A.W. v. I.N.

Decision Date02 January 2020
Docket NumberXXXXXX-2017
Citation117 N.Y.S.3d 527,66 Misc.3d 742
Parties A.W., Plaintiff, v. I.N., Defendant.
CourtNew York Supreme Court

Plaintiff is Pro-se

Attorney for the defendant is Nancy T. Sherman, P.C. (516) 773-3400

Edmund M. Dane, J.

PRELIMINARY STATEMENT

Defendant ("Husband") moves by Order to Show Cause dated October 31, 2019, for an Order (1) staying the entry of a final judgment of divorce until the Plaintiff ("Wife") takes all steps solely within her power to remove all barriers to the Husband's remarriage pursuant to DRL § 253(3) ; (2) conditioning the Wife's receipt of a $100,000 distribution from the Husband's Individual Retirement Account ("IRA") upon her taking all steps within her power to remove all barriers to the Husband's remarriage following the divorce; (3) directing the Wife to appear before an Orthodox Beth Din of Husband's choice and accept an Orthodox Jewish Divorce ("GET") from the Husband; (4) directing the Wife pay counsel fees of $5,000.00 for Husband having to make the motion and for sanctions against the Wife; (5) modifying the proposed Judgment of Divorce to provide that the Wife shall not receive the $100,000 from the Husband's IRA until she appears before a tribunal of Orthodox Rabbi's of the Husband's choosing and accepts a GET.

BACKGROUND

The parties were married on May 30, 2002 in a civil ceremony.1 There are two unemancipated children of the marriage. The Wife commenced the underlying action for divorce on May 30, 2017. The parties resolved issues of custody and parenting time pursuant to Stipulation dated November 9, 2018. A trial on the financial issues commenced on February 14, 2019, at which time an inquest was held. Prior to the conclusion of the trial, the parties resolved the outstanding issues of this action by Stipulation dated May 9, 2019 ("Financial Stipulation"). As part of the Financial Stipulation, the parties agreed that $100,000.00 from the Husband's IRA would be transferred to the Wife.

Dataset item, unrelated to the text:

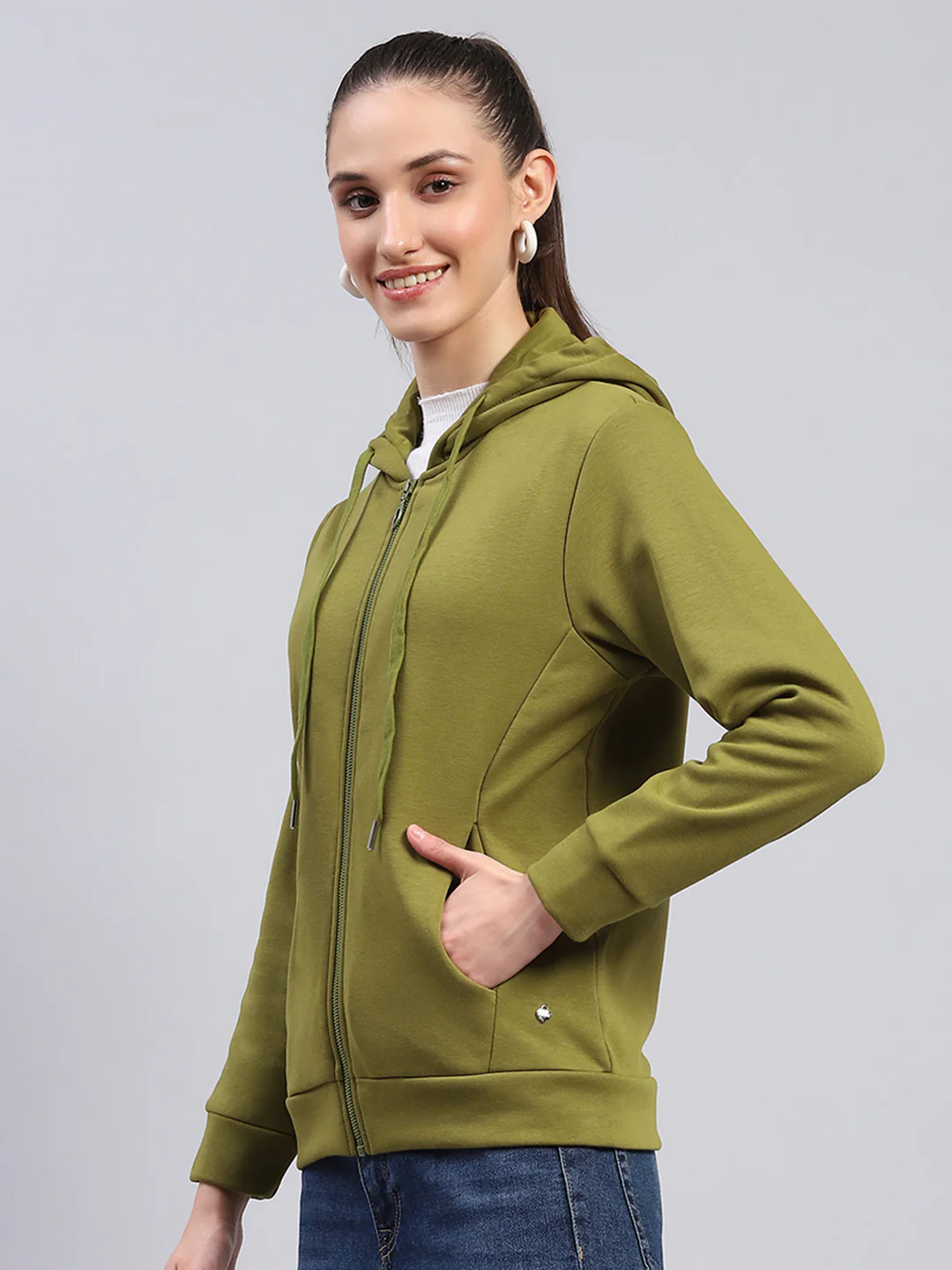 Women Green Solid Hooded Full Sleeve Sweatshirt - Image 3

Following the execution of the Financial Stipulation, the Wife's counsel prepared a proposed Judgment of Divorce and ancillary documents for submission to the Court. According to the Husband, his attorney then contacted Wife's attorney to request the proposed Judgment include a provision requiring cooperation with a GET. The Husband states that he was led to believe that the Wife was willing to accept a GET, but she has since ignored his requests to cooperate with same. The Husband argues that because he is an Orthodox Jew, he cannot remarry under Jewish Law unless the Wife accepts a GET. He attaches an affirmation from a Rabbi in support of his request wherein the Rabbi states that a GET must be given by the Husband and accepted by the Wife for either party to remarry under Jewish Law. According to the Rabbi's affirmation, the Wife's refusal to appear before an Orthodox Beth Din and accept the GET will prevent the Husband from remarrying. The Husband asks that the Court stay his obligation to transfer the $100,000 to the Wife pursuant to the Financial Stipulation until such time as she accepts a GET. The Husband argues that the Wife swore to remove all barriers to his remarriage but her refusal to cooperate with the GET is a refusal to remove all barriers to his remarriage. The Husband argues that there is precedent for the Court to intervene and fashion an award of equitable distribution in this instance and he also seeks an award of legal fees.

In opposition, the Wife asserts that the parties were not married religiously nor was there any religious ceremony. Therefore, she argues, since there was no marriage according to Jewish Law, there is no religious divorce to be had. The Wife states that she refused the Husband's offers for a religious wedding ceremony because she wanted to avoid any religious divorce rituals. The Wife argues that in any event, the Husband is not a practicing Orthodox Jew. She states that he regularly communicates with others during both Shabbat and Sukkot, and socializes in a manner contrary to his alleged faith. The Wife asserts that the Rabbi who offers an affirmation in support of the Husband is from a "fanatic" and "extreme" faction of Orthodox Jews which discriminates against women. Furthermore, she argues that even if the parties were religiously married, a religious divorce is never a barrier to the Husband's remarriage. Finally, the Wife argues that the $100,000 due to her under the Financial Stipulation was without condition and that forcing her to accept a GET violates her civil rights.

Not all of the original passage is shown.